5 Adding a new document model smoothing method

In order to add a new document model smoothing method for the KL-divergence retrieval method, we need to create a subclass of SimpleKLDocModel. This class should have an interface similar to the following:

class MyNewSimpleKLDocModel : public SimpleKLDocModel {
public:

   // You need to and only need to implement the following 
   // two functions based on your new smoothing algorithm
   double seenProb(double termFreq, int termID); // this gives p_seen(w|d)
   double unseenCoeff();   // this gives a(d)
};

There are at least two different ways to use this MyNewSimpleKLDocModel in the KL-divergence retrieval model:

  1. Change the toolkit source file SimpleKLRetMethod: Add a parameter value (to param.smthMethod) to indicate using this new smoothing algorithm, and in the ComputeDocRep function, instantiate MyNewSimpleKLDocModel when the parameter says so.

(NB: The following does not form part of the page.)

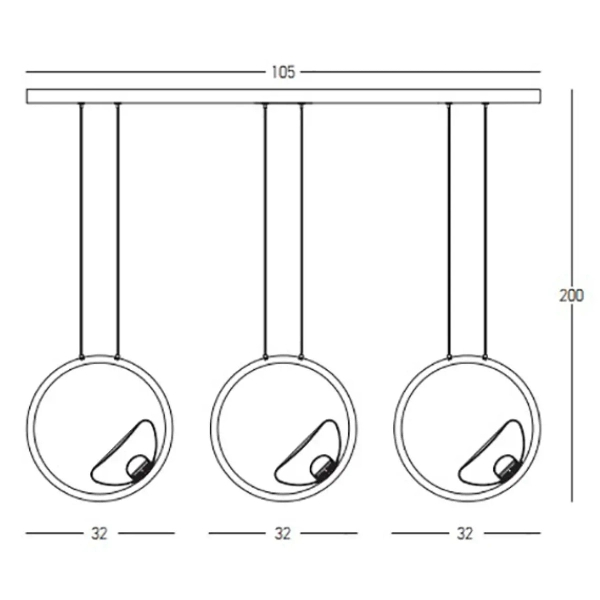 Pierścieniowa lampa wisząca 23029 LED 21W 3000K koła do salonu złoty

This requires recompiling the toolkit, and is not the preferred way from the viewpoint of object-oriented design.
  2. Subclass SimpleKLRetMethod and override the implementation of the virtual function computeDocRep:
    class MyNewKLRetMethod : SimpleKLRetMethod {
    public:
       // You should re-implement this function by using your new smoothing method
       virtual DocumentRep *computeDocRep(int docID);
    };
    

    In the implementation file, you may have something like:

    DocumentRep *MyNewKLRetMethod::computeDocRep(int docID)
    {
       return (new MyNewSimpleKLDocModel(...));
    }
    

6. Adding a new query model updating method

Just like the addition of a new document smoothing method, there are also at least two ways for doing this.

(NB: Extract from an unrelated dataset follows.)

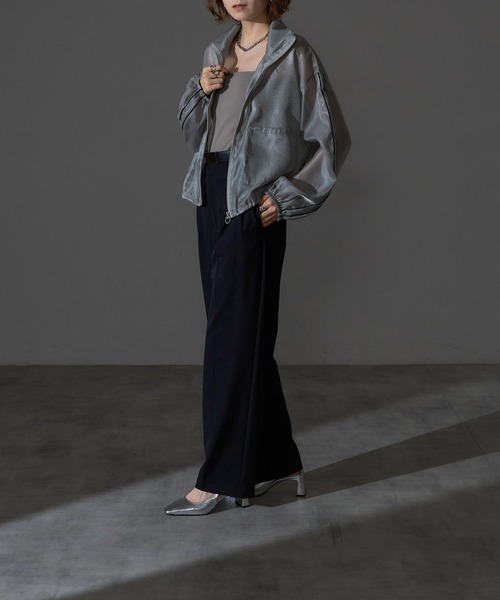 each（イーチ）の「シアートラックジャケット（ブルゾン・レディース・ピンク/グレー/ブラック・FREE）」の8枚目の写真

  1. Change SimpleKLRetMethod: Add the implementation of your new method and modify the updateQuery method in SimpleKLRetMethod to use your new method when the parameter says to. (You'll also need to add a parameter value to indicate when your method should be used.) Again, this is not the preferred way from the viewpoint of object-oriented design.
  2. Subclass SimpleKLRetMethod: override the implementation of the virtual function updateQuery with that of your new implementation.

7. Implementing a completely new retrieval method

We need to distinguish two different types of retrieval methods, depending on whether the retrieval function can be rewritten in terms of functions g and w as explained in Section 2.7 of the API Guide: General retrieval methods for text queries.

If the method can be rewritten in such a form, then, it is relatively easy to implement it by subclassing TextQueryRetMethod. (Most practical retrieval algorithms can be transformed into such a form. ) In general, you will need to define all of the following four elements:

  1. Query representation: create a subclass of TextQueryRep.
  2. Document representation: create a subclass of DocumentRep.
  3. Score function: create a subclass of ScoreFunction.
  4. Your retrieval method: create a subclass of TextQueryRetMethod that includes your way of updating a query (for feedback) and supports generation of your particular TextQueryRep and DocumentRep.
If your new retrieval method is close enough to one of the existing methods (i.e., TFIDF, Okapi, or KL-divergence), you may be able to reuse some of the existing subclasses of TextQueryRep or DocumentRep. Sometimes, even if you can not reuse any of the existing concrete TextQueryRep or DocumentRep, it may still be easier to just modify an existing one, rather than writing your own class from scratch.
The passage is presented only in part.